A new study by the University of Chicago found that a prevalent species of 335-million-year-old shark had sophisticated jaws that functioned in much the same way as modern nurse sharks.
Researchers used CT scans of fossils embedded deep in rock to create 3-D models of the movements and mechanics of the prehistoric sharks. The findings revealed that the sharks had evolved the capabilities as suction feeders some 50 million years before previous thought.
According to the study, the findings show “both the evolutionary versatility of sharks, and how sharks responded quickly to new ecological opportunities in the aftermath of one of the five big extinctions in Earth’s history.”
“Among today’s aquatic vertebrates, suction feeding is widespread, and is often cited as a key factor contributing to the spectacular evolutionary success of ray-finned fishes,” said Michael Coates, Ph.D., professor of organismal biology and anatomy at the University of Chicago and senior author of the new study. “But here we show that high-performance aquatic suction feeding first appeared in one of the earliest known sharks.”

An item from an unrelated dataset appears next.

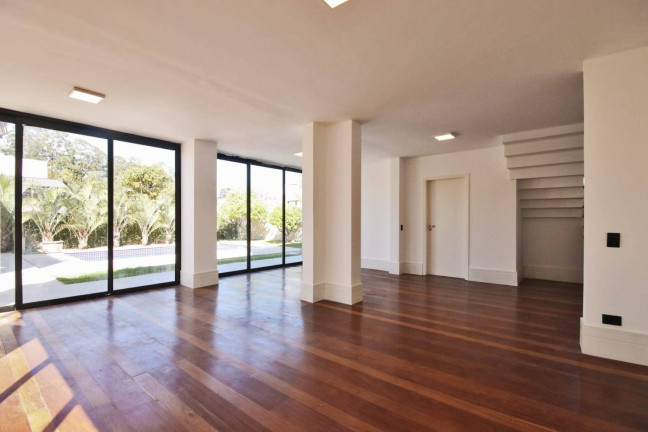 Imagem Casa com 4 Quartos à Venda, 390 m² em Alphaville - Barueri Imagem Casa com 4 Quartos à Venda, 390 m² em Alphaville - Barueri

The study, published this week in Science Advances, describes the fossil of Tristychius arcuatus, a 2-foot long shark similar to a dogfish. It was first discovered by Swiss biologist Louis Agassiz in 1837, and later described in detail by John Dick, a former classmate of Coates’, in 1978. Tristychius, and other Devonian period sharks like it, are found in ironstone rock nodules along the shores of the Firth of Forth near Edinburgh, Scotland.
Shark fossils are rare because their cartilage skeleton usually rots away before there’s any chance of fossilization. For decades, researchers studying ancient sharks have been limited to isolated teeth and fin spines. Even if they do find a more complete skeleton, it’s usually flattened, or, if it’s encased in one of these stones, it crumbles when they try to remove it.
Coates and his lab have been leading the field in applying modern imaging technology and software to study these challenging fossils. CT scanning allows them to create 3-D images of any fossilized cartilage and the impressions it left while still encased in the stone. Then, using sophisticated modeling software originally developed to study structure and function in modern-day fish, they can recreate what the complete skeleton looked like, how the pieces fit together and moved, and what that meant for how these sharks lived.
“The combination of both physical and computational models has allowed us to explore the biomechanics in a Paleozoic shark in a way that’s never been done before,” Coates said. “These particular sharks were doing something sophisticated and new. Here we have the earliest evidence of this key innovation that’s been so important for multiple groups of fishes and has evolved repeatedly.”